# What the task asks
Restate word for word the lines of the listing below, from its first line through the line with "Side view of", without the pictures.

# Listed entries
▼▼▼
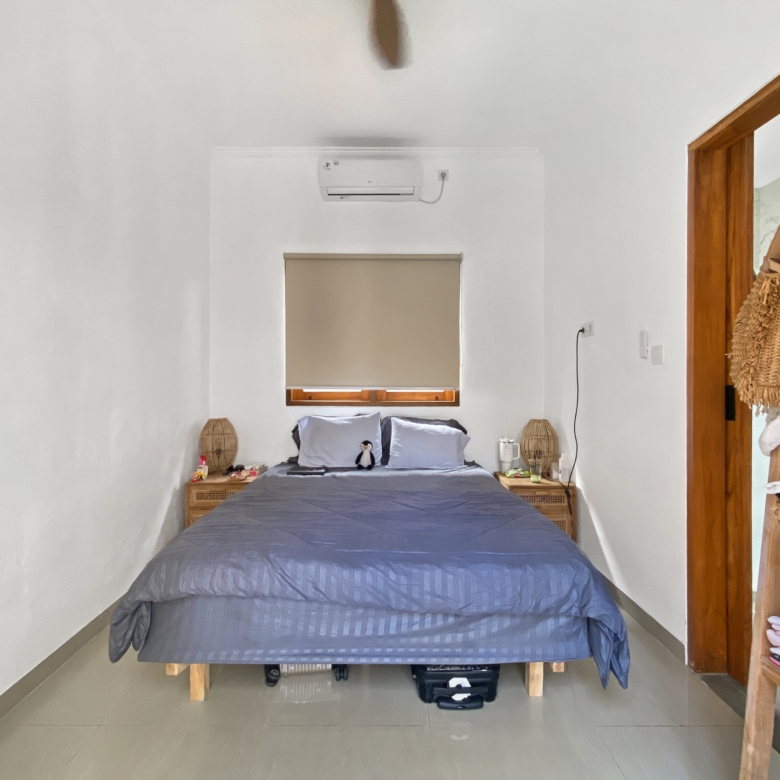 Bedroom with a centered bed in blue-gray bedding, air conditioner above the window, and wooden shelving on the right.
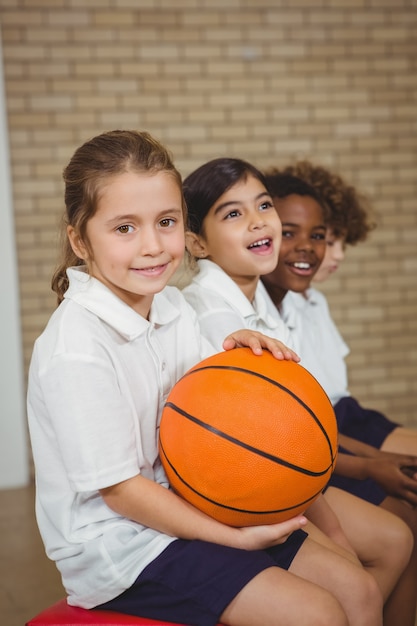 Étudiant tenant le basket-ball avec d&#39;autres joueurs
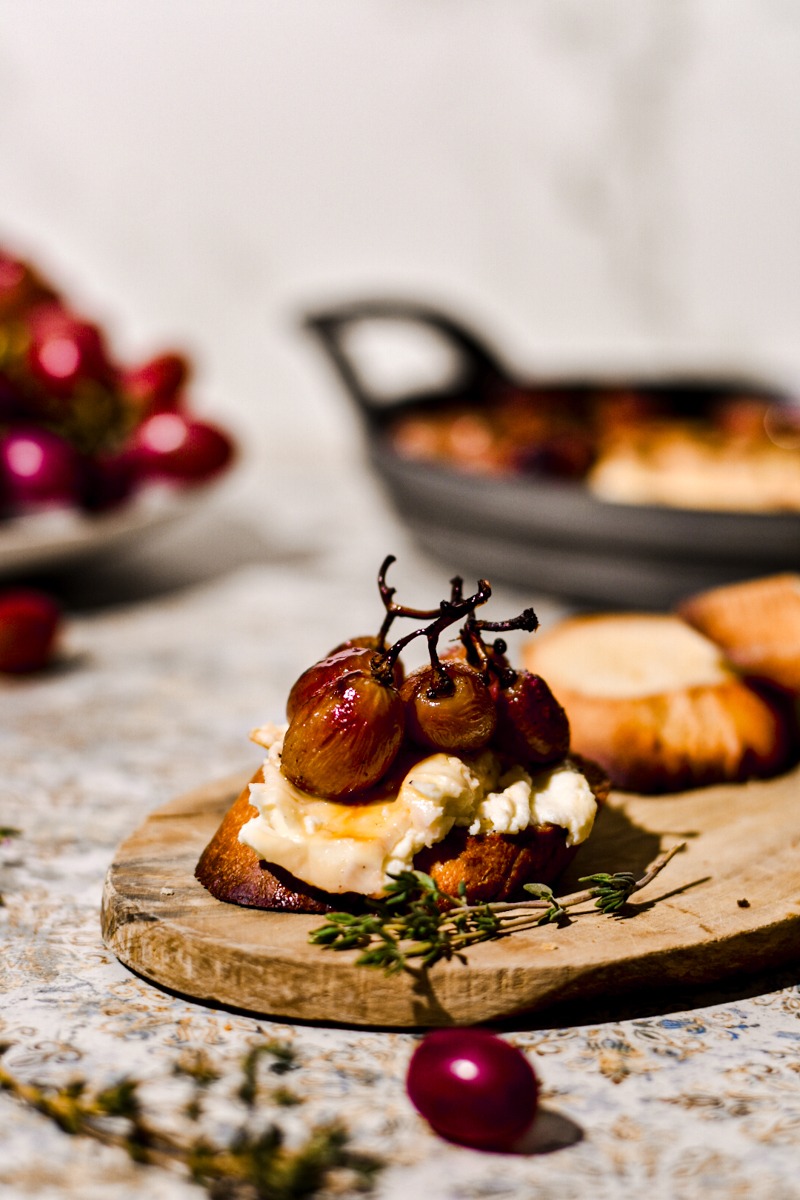 Side view of baked feta smeared onto a crostini with grapes placed on top.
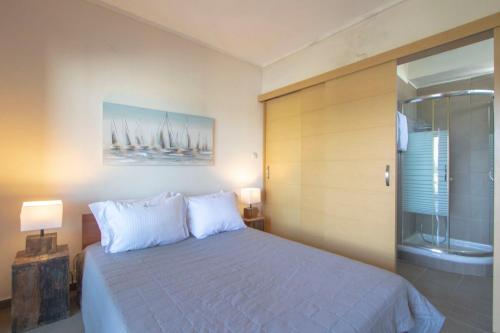 a bedroom with a bed and a glass shower at MD Pool Villa in Chroussos by Halkidiki Villas in Paliouri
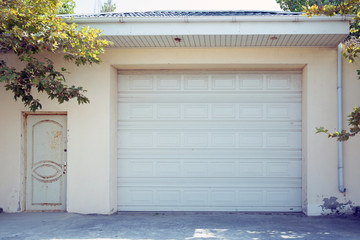 Shutter door or roller door and concrete floor outside .White Automatic shutters in a house . gates in the garage . Automatic Electric Roll-up Gate Or Push-up Door In The Modern Building .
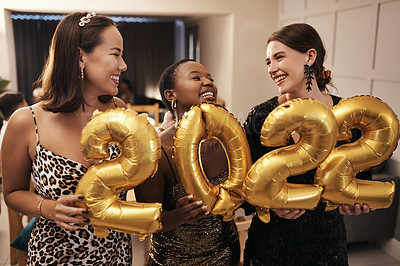 Buy stock photo Shot of a diverse group of friends standing together and holding 2022 balloons during a New Year's dinner party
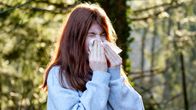 A person blowing their nose outside.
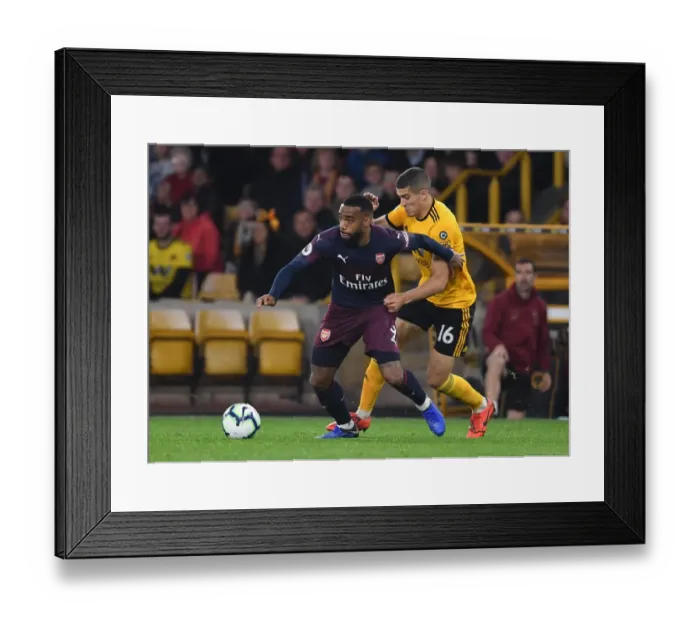 Framed Print : Arsenal's Lacazette Faces Off Against Wolverhampton's Coady in Premier League Clash Framed Print : Arsenal's Lacazette Faces Off Against Wolverhampton's Coady in Premier League Clash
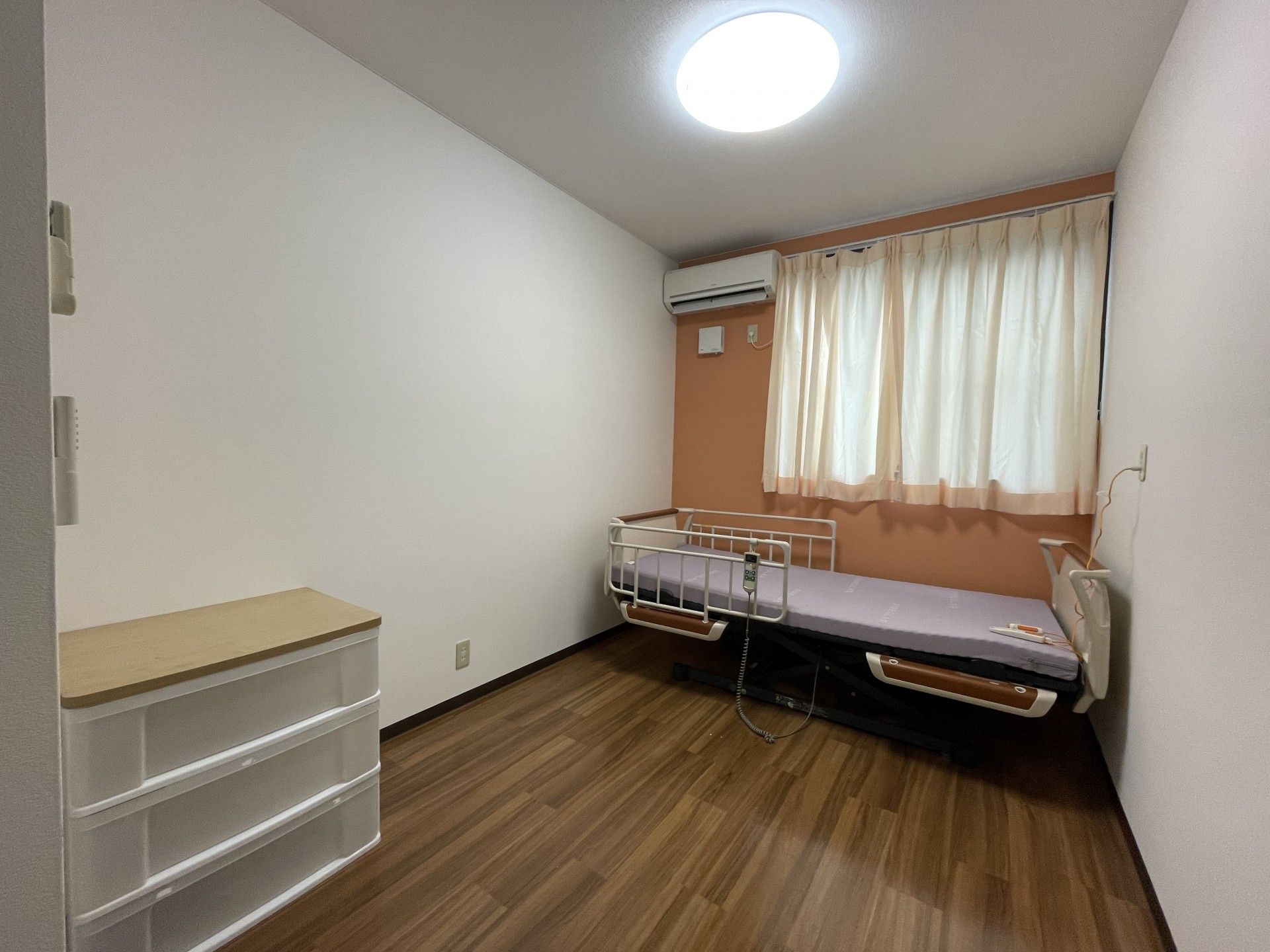 日当たりのいい屋外で笑顔で過ごしている車いすの高齢女性と付き添いのエプロンを付けた女性スタッフ。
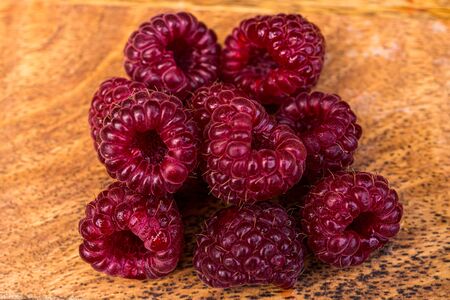 Juicy raspberry close up macro on a wood background. Nature background. Fresh fruit. High quality photoの写真素材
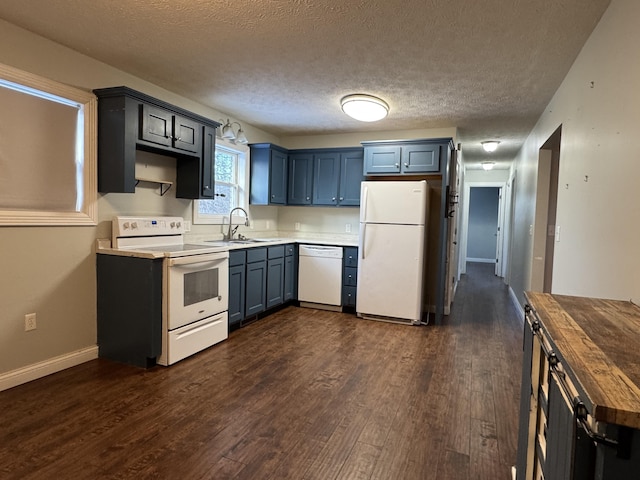 kitchen with white appliances, sink, dark hardwood / wood-style floors, a textured ceiling, and butcher block countertops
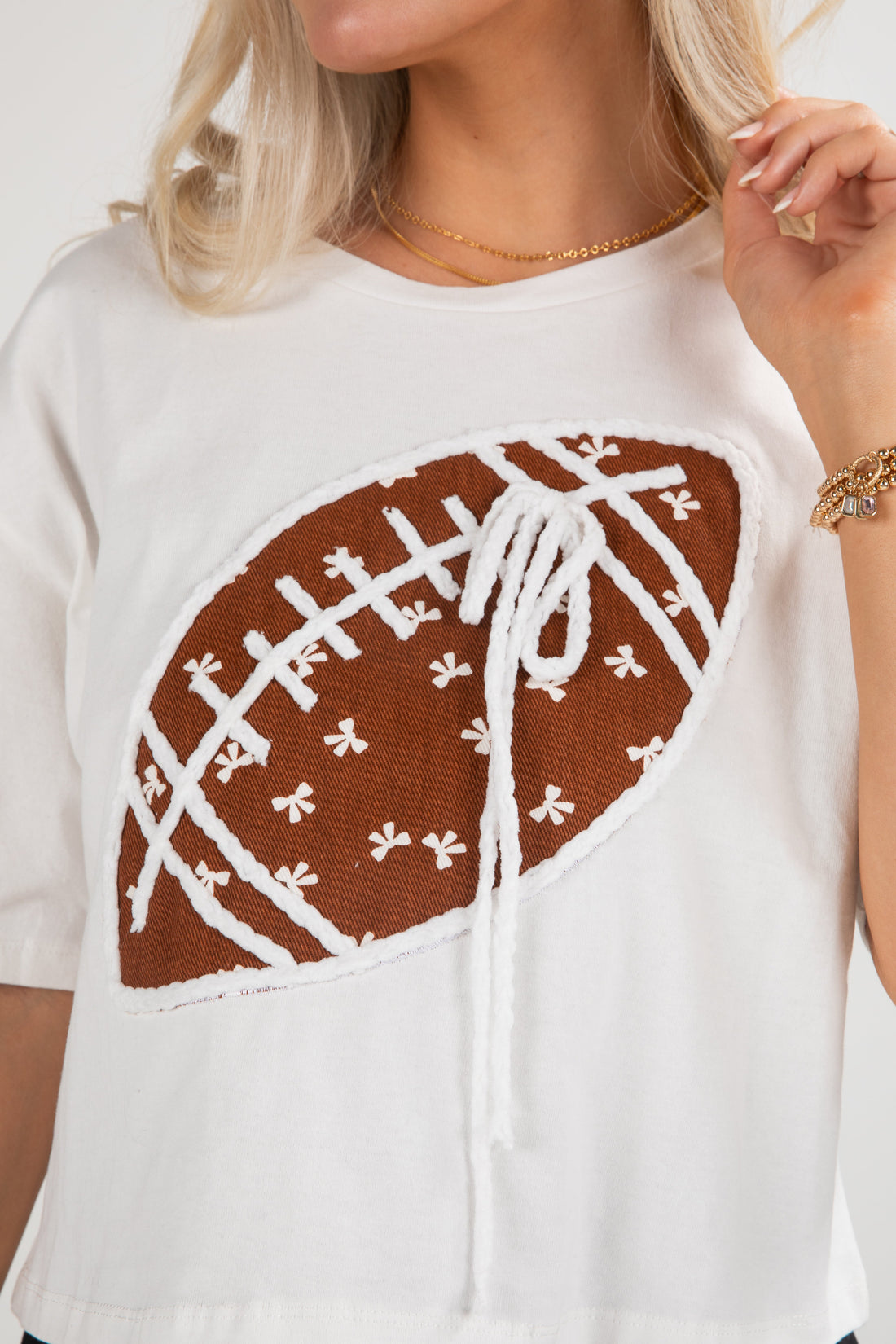 White top with a brown and white patterned design on a plain background
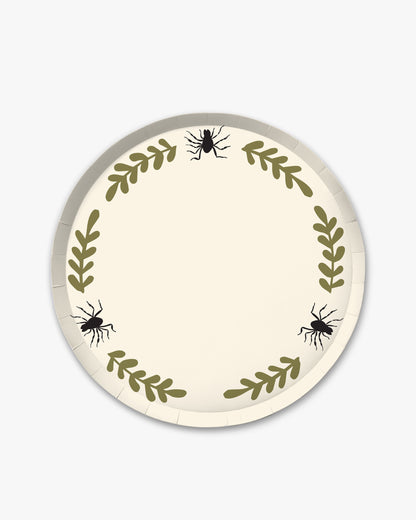 Cream colored paper plate with olive colored fern stem border and black spider detailing. 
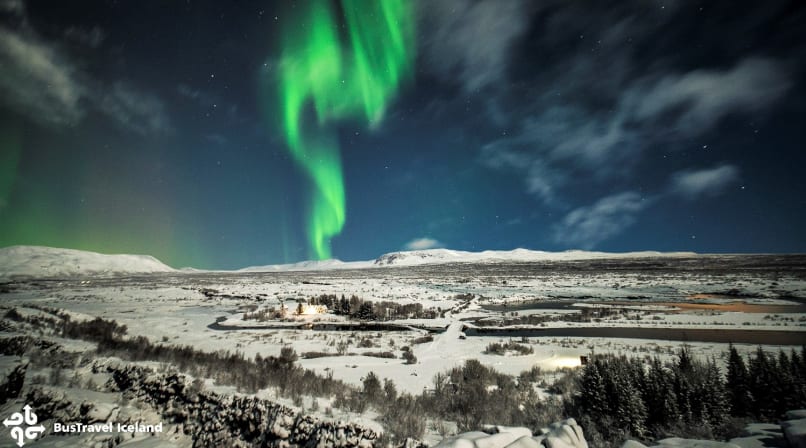 Green Northern lights strip over snowy Thingvellir national park in Iceland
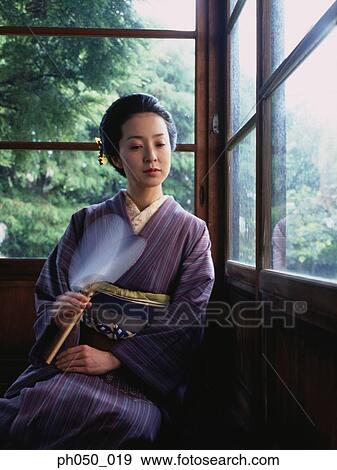 Stock Photo - Japanese woman in kimono, sitting on floor. Fotosearch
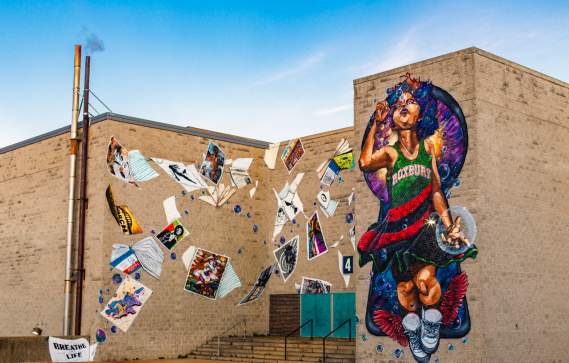 Mural depicting child wearing a dress reading Roxbury blowing bubbles and surrounded by blowing posters and books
▲▲▲
# Solution
 Bedroom with a centered bed in blue-gray bedding, air conditioner above the window, and wooden shelving on the right.
 Étudiant tenant le basket-ball avec d&#39;autres joueurs
 Side view of baked feta smeared onto a crostini with grapes placed on top.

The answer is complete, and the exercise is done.